What specific network sizes trigger coordination degradation in LLM systems?
This asks for a threshold — a specific agent count where LLM coordination breaks — but the corpus's more interesting answer is that degradation is continuous and structural, not a number you cross.
This reads as a hunt for a magic number: at N agents, coordination collapses. The corpus pushes back on the premise — what it documents is degradation that scales *smoothly* with network size rather than tripping at a threshold. Why do multi-agent systems fail to coordinate at scale? is the closest thing to a direct answer: in the AgentsNet benchmark, coordination degrades *predictably* as the network grows, because agents either agree too late or adopt a strategy without telling their neighbors. The failure is graded, not sudden — bigger network, more timing slack, more uncritical information accepted and propagated.
The one place the corpus names group size as the active variable is consensus. Can LLM agent groups reliably reach consensus together? finds that agreement degrades with group size even with zero malicious agents present — and crucially, it fails through *liveness loss* (timeouts, stalled convergence) rather than corrupted values. So the thing that grows with N isn't wrongness, it's the inability to ever finish. That matches the timing-failure story from the AgentsNet work: more agents means more chances for the round to stall before everyone has converged.
If you want a number, the corpus offers a ceiling rather than a cliff. Why do multi-agent systems fail despite individual capability? reports real-world autonomous task completion plateauing near 30% *regardless of agent count* — adding agents doesn't push past it. That reframes your question: the interesting quantity isn't the network size that breaks coordination, it's that coordination quality stops improving with scale and the structural failure modes (silent agreement, degeneration of thought, social accommodation) kick in at group scale no matter how many you add.

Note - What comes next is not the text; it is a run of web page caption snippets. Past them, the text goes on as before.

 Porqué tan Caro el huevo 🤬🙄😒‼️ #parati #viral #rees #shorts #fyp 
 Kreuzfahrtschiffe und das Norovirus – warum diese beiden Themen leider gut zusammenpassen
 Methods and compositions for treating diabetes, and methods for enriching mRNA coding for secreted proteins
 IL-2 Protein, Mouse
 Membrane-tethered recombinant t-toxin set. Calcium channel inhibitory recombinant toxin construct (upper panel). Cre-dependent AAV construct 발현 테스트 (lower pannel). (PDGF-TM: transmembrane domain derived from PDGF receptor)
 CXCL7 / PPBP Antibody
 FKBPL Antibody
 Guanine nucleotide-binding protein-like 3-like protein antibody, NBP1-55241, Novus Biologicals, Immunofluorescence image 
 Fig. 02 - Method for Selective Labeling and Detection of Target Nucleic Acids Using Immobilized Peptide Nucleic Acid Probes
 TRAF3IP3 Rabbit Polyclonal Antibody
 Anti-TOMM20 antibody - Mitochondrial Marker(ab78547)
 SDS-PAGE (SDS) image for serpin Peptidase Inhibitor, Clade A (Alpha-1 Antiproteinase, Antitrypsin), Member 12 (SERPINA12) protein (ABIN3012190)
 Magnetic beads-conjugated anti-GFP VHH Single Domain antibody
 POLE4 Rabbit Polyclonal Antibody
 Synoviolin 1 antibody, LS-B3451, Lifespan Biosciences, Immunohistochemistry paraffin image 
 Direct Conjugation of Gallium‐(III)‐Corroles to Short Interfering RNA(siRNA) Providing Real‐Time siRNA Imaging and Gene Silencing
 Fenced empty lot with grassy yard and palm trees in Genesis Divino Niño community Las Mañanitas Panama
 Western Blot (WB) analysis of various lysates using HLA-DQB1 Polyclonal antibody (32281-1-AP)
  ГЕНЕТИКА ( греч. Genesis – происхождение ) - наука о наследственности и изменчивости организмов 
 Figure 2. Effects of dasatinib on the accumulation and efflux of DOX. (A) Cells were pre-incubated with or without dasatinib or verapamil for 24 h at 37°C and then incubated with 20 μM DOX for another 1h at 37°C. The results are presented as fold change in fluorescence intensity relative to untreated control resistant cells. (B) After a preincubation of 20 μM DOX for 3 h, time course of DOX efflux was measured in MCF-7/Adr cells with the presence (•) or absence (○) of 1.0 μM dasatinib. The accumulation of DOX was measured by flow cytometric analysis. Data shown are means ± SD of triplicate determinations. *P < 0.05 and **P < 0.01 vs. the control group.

Why no clean threshold? Because the failures are mechanism-driven, not headcount-driven. Why do autonomous LLM agents fail in predictable ways? traces role-flipping, flake replies, infinite loops, and conversation drift to LLMs lacking persistent goals and stable roles — those show up in small teams too. Why do multi-agent LLM systems fail more than expected? catalogs 14 modes across specification, inter-agent misalignment, and verification, none of which is gated on a particular N. And Do frontier LLMs silently corrupt documents in long workflows? shows the same compounding-error dynamic along the *time* axis — 25% corruption over 50 relay round-trips, never plateauing — suggesting the real driver is chain length and uncritical acceptance, which network size merely amplifies.
The thing you might not have known you wanted: the lever isn't keeping the network small, it's changing its shape. When do multi-agent systems actually outperform single agents? names three structural defects — node-level bottlenecks, edge-level overwhelm, path-level error propagation — that determine when a single strong agent beats a crowd. So the honest answer to 'what size triggers degradation' is: it's the topology and the verification discipline, not the count. That's why work like What decisions must multi-agent routing systems optimize simultaneously? treats agent count as just one of four things to optimize jointly with topology and role allocation — scale is a knob, not a tripwire.
Sources 8 notes
AgentsNet benchmark shows agents fail to coordinate strategies either by agreeing too late or adopting strategies without informing neighbors. Agents accept neighbor information without verification, enabling error propagation while remaining capable of detecting direct conflicts.
Across hundreds of simulations, LLM-agent groups frequently fail to reach valid agreement due to timeouts and stalled convergence rather than subtle value corruption. Agreement degrades with group size even without Byzantine agents present.
Multi-agent systems exhibit specific failure modes—silent agreement, degeneration of thought, and social accommodation—that mirror individual reasoning failures at group scale. Real-world autonomous task completion plateaus near 30% regardless of agent count; capability gains require deliberation diversity, expertise prerequisites, and formal coordination architectures.
Research identifies role flipping, flake replies, infinite loops, and conversation deviation as LLM-specific failures in multi-agent cooperation. These occur because LLMs lack persistent goal representation and stable role identity.
Analysis of 5 frameworks across 150+ tasks identified 14 failure modes organized into 3 categories: specification issues, inter-agent misalignment, and task verification. This extends prior single-framework work and provides systematic evidence for targeted improvements.
Testing 19 models across 52 domains shows even advanced systems degrade documents by ~25% over extended relay tasks, with errors compounding silently without plateauing through 50 round-trips.
Empirical analysis shows MAS performance gaps narrow with stronger models, with SAS outperforming in many cases. Three formal defect types—node-level bottlenecks, edge-level overwhelm, and path-level error propagation—explain when single agents win.
MasRouter shows that routing in multi-agent systems must jointly optimize collaboration topology, agent count, role allocation, and per-agent LLM assignment through a cascaded controller. This unified approach surpasses single-model routing by 3.51% accuracy while cutting HumanEval costs by 49%.